Contrario a la objetividad pretendida por la historiografía decimonónica, se propone la creación de puentes de empatía entre los/as historiadores/as y ese pasado que es interpelado. La historia no es una simple concatenación de hechos fácticos, sino que estos últimos son una forma visible de la realidad que subyace. Tampoco es un continuum de ‘progreso’ como se pensó desde ideas ilustradas y eurocentristas que sobreviven en algunos ámbitos de nuestra contemporaneidad. La figura simbólica del ‘ángel de la historia’, contenida en la tesis número 9 de Benjamin, describe esta complejidad con la imagen de un ángel halado por el viento del ‘progreso’ mientras observa perplejo hacia atrás las ruinas que va dejando consigno. En palabras más toscas, el ángel es testigo de cómo ese presunto progreso, que surge de cierta forma limitada de entender y hacer historia, se edifica sobre los escombros y cadáveres que deja tras de sí en el olvido. Una mirada desde las víctimas de nuestras formas de violencias.

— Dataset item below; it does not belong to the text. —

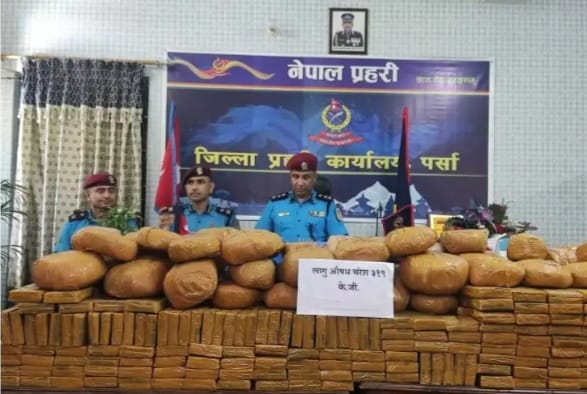 ३ सय १९ केजी चरेससहित एक जना पक्राउ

Conforme con lo anterior, Reyes Mate arguye atinadamente que la memoria es justicia, que son conceptos indisociables, ya que sin memoria de la injusticia no puede haber justicia posible. Esta es una vuelta de tuerca a cierta idea de la justicia que entronca con versiones platónicas del término. Es decir, la injusticia no se deriva necesariamente de la justicia como concepto previo, sino que esta última surge de la constatación de la primera. Las teorías de la justicia contemporáneas, como las de Rawls o incluso la de Habermas, tienden a presuponer lo contrario, a abstraer las experiencias humanas en aras de crear condiciones que propendan a la justicia entre las partes. Dicho en otros términos, una justicia procedimental mediante la cual se ignoran –recordemos el ‘velo de la ignorancia’– las circunstancias de la vivencia (inter)subjetiva.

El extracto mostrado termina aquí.